Upload & Sell: Off
| p.3 #20 · How slow is 4FPS on the D800? |
You know, it's really too bad Canon, Nikon, et al., aren't very interested in providing customization options. It should be extraordinarily simple to design a body with user-upgradable flash memory for the buffer. Similarly, it would be terrific to have a user-swappable memory card module so I could use dual CF cards in my D800 and D4, instead of the brain-dead options they gave me. But I digress.
Actually, customization on fairly small consumer electronics like this is pretty complex. There are a whole lot of factors to consider. Just to name a few: swappable modules inevitably increase the size overall item; it's much more expensive to build, especially when you consider that it reduces the bulk ordering options that the manufacturer has (e.g. they can't order ten million of one size buffer memory chips); it vastly complicates the stocking and inventorying with additional saleable part numbers (again, increasing cost); it substantially complicates the testing process since they have potentially dozens of configurations to test (again, increasing cost); it adds additional points of failure.
It's not impossible, of course, but unless you've held a job in the electronics manufacturing industry and seen how the supply chain works, how the test teams build requirements and test cases, how the design teams iterate, it's hard to appreciate just how much goes into making something customizable.

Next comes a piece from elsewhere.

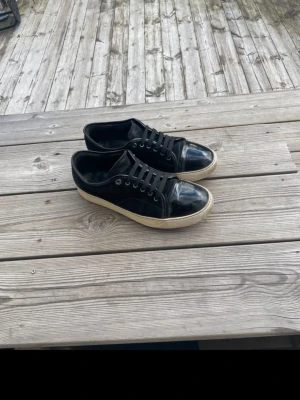 Svarta Lanvin sneakers i läder - Stilrena svarta sneakers från Lanvin i blankt läder med vita sulor och svarta skosnören. Klassisk låg modell med metallöljetter och diskret design. Kommer med originalkartong och dustbags. Köps varan innan 18:00 kommer jag försöka skicka den samma dag beroende på hur det ser ut i schemat mitt. Mycket kvar att ge i skorna. Det är mina bilder bara att jag tog de från min vinted profil.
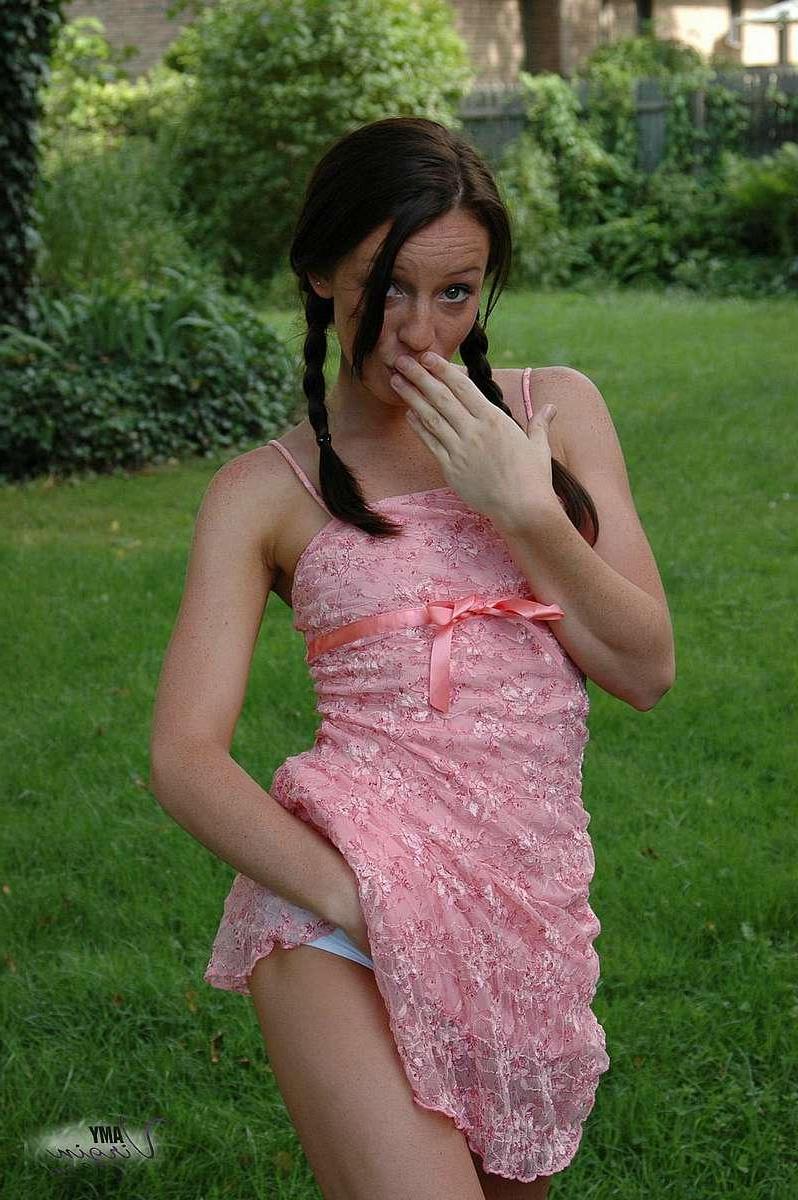 20P Pictures of teen Amy Virgin goofing off in the back yard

Computers are a little easier in this realm because you have agreed-upon standards to build to, but even there: look what happens when you try to shrink things. Apple and the Ultrabook manufacturers are soldering parts to motherboards, using non-standard connectors, even having fixed configurations of otherwise-changeable parts, like memory, so they can pack electronics into a tight space.
I just think customization would increase cost so much as to not be worth it.